__GIVEN RECORDS__.

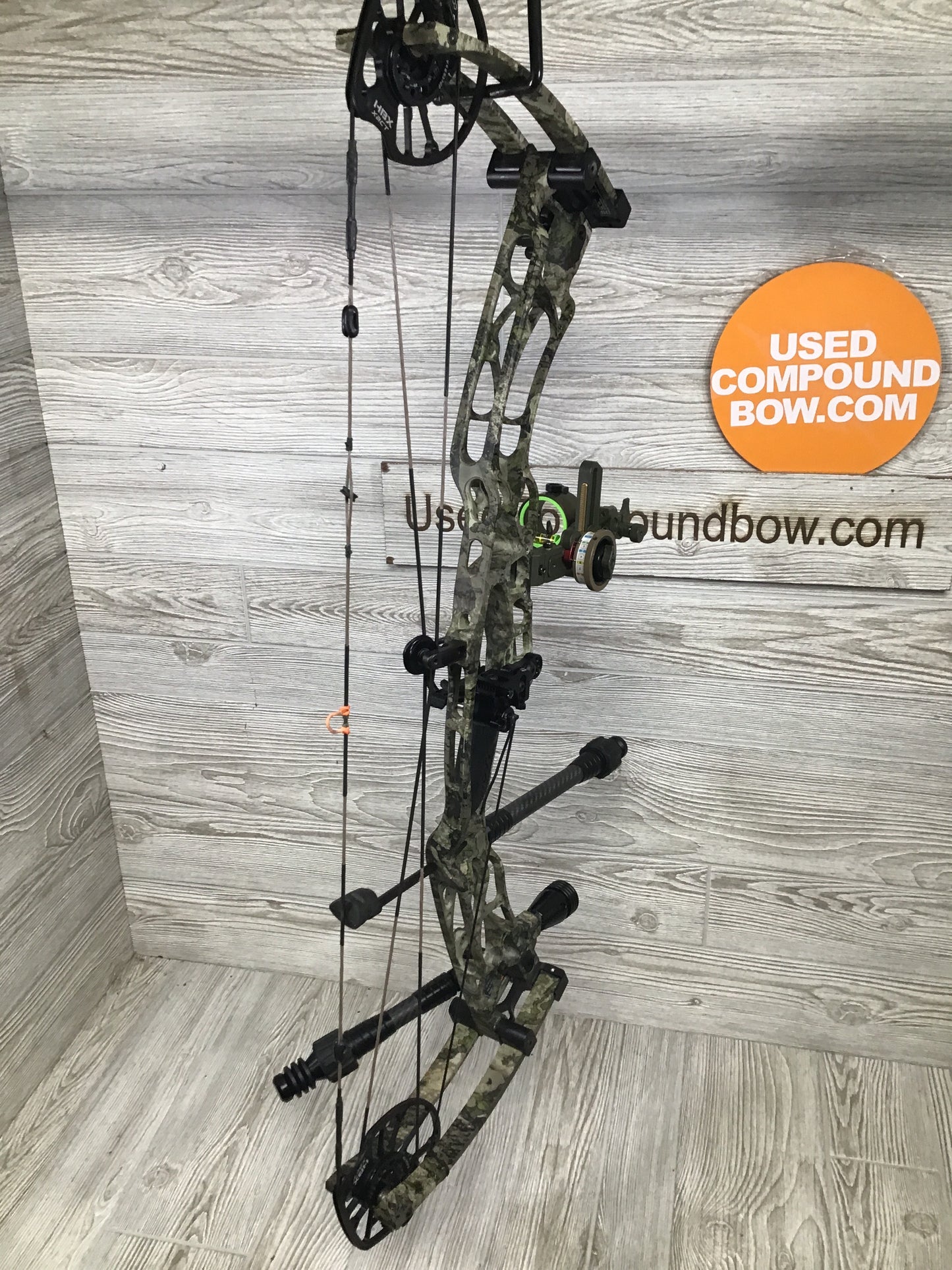 Used Hoyt Alpha X 33 Veil Camo Package 60#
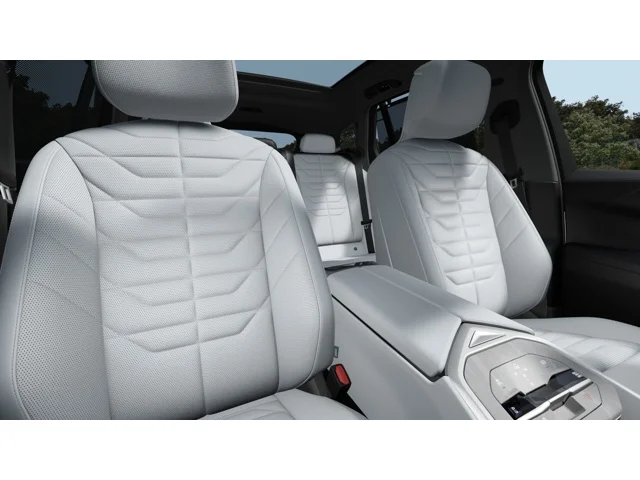 New 2027 Mineral White Metallic BMW  image 11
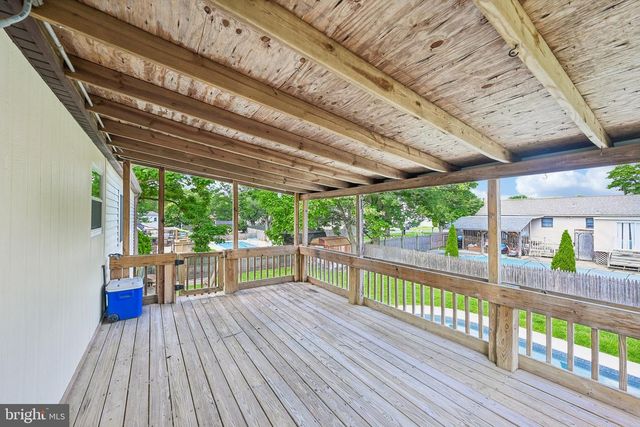 841 CHESTNUT AVE, Deptford, NJ 08096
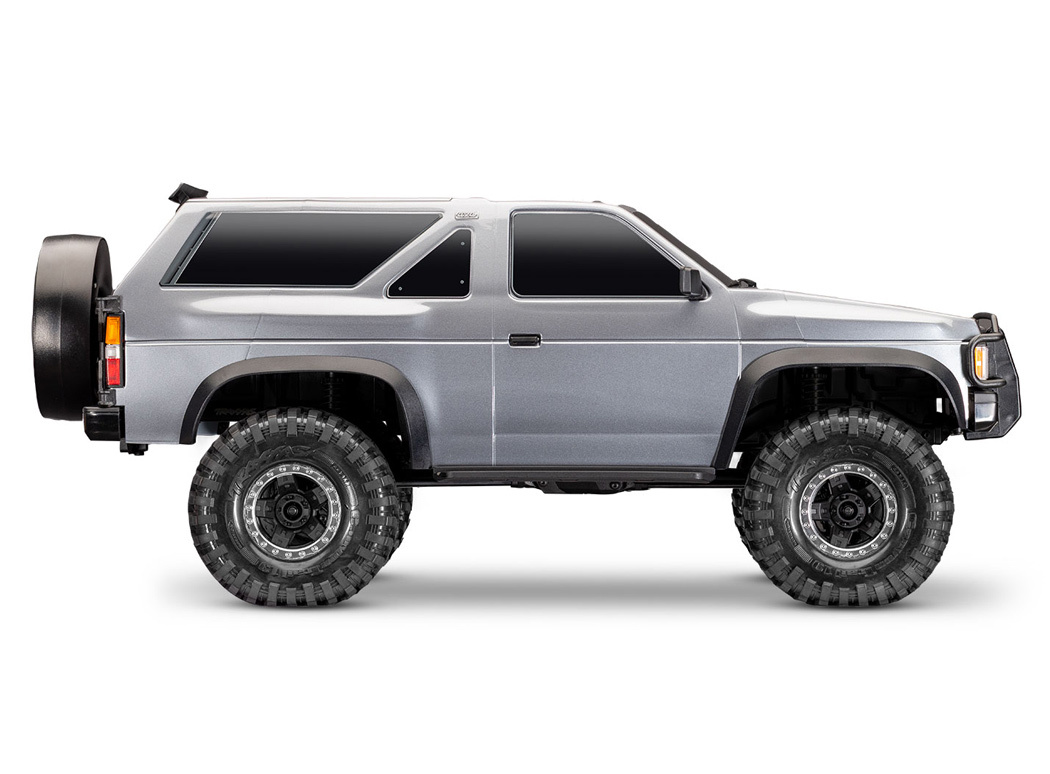 TRX-4 Nissan Pathfinder Silver RTR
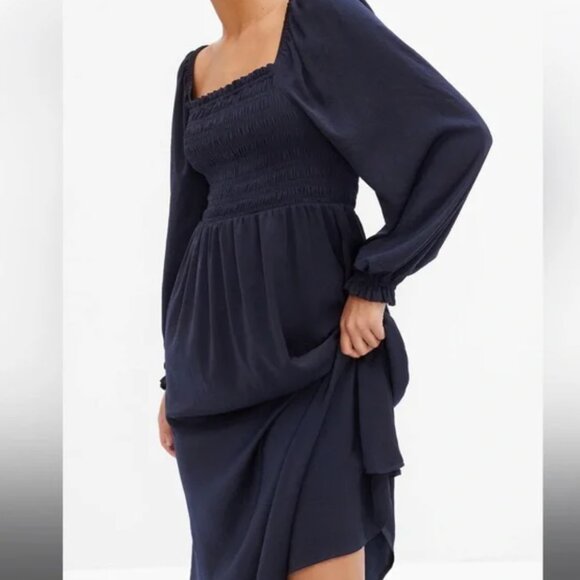 Gap Smocked Midi Dress Navy Size M NWT - Picture 1 of 8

__PROMPT__. Without any pictures, retype the records above exactly.

__YOUR SOLUTION__.
 Used Hoyt Alpha X 33 Veil Camo Package 60#
 New 2027 Mineral White Metallic BMW  image 11
 841 CHESTNUT AVE, Deptford, NJ 08096
 TRX-4 Nissan Pathfinder Silver RTR
 Gap Smocked Midi Dress Navy Size M NWT - Picture 1 of 8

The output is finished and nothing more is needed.